Les Québécois votent ce 1er octobre. Les sondages donnent la Coalition Avenir Québec de François Legault gagnante avec une pluralité de sièges à l’Assemblée nationale, mais avec le même nombre de votes (31%) que le Parti libéral du premier ministre Philippe Couillard. Le Parti québécois de Jean-François Lisée serait troisième avec 19% et Québec solidaire de Manon Massé quatrième avec 15%.

CROP, Ipsos, Léger, Mainstreet sont autant de firmes de sondages qui publient, plusieurs fois par campagne électorale, les intentions de vote pour chaque parti politique.
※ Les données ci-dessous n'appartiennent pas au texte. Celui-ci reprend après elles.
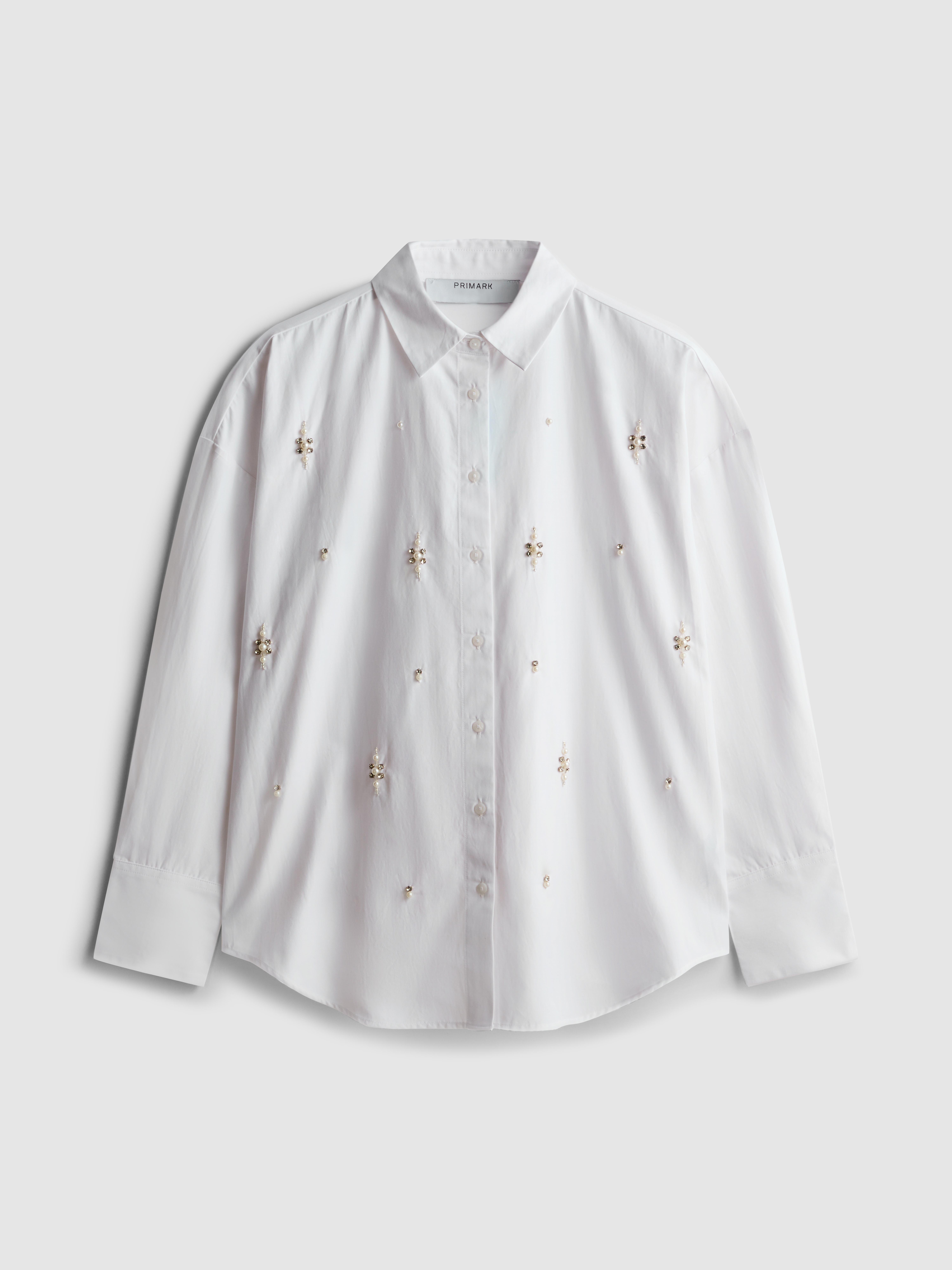 Faux Peal Embellished Shirt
Comment expliquer que l’une suggère, par exemple, qu’un parti soit à 11% et l’autre, le même jour, à 14%? Peut-on croire les sondages, et comment fonctionnent-ils?

Pourquoi publier des sondages

Claire Durand, professeure au département de sociologie de l’Université de Montréal en méthodologie et analyse des sondages, et présidente de la World Association for Public Opinion Research, explique que de publier des sondages permet aux partis, dans un premier temps, de savoir qui vote pour qui, en termes d’âge, de nationalité, de localisation, etc.

Pour les médias, les sondages aident à créer de la nouvelle. Pour les analystes, il s’agit d’un des seuls moments où ils peuvent vérifier et décortiquer la méthodologie des sondeurs et évaluer leur capacité réelle à prédire les résultats.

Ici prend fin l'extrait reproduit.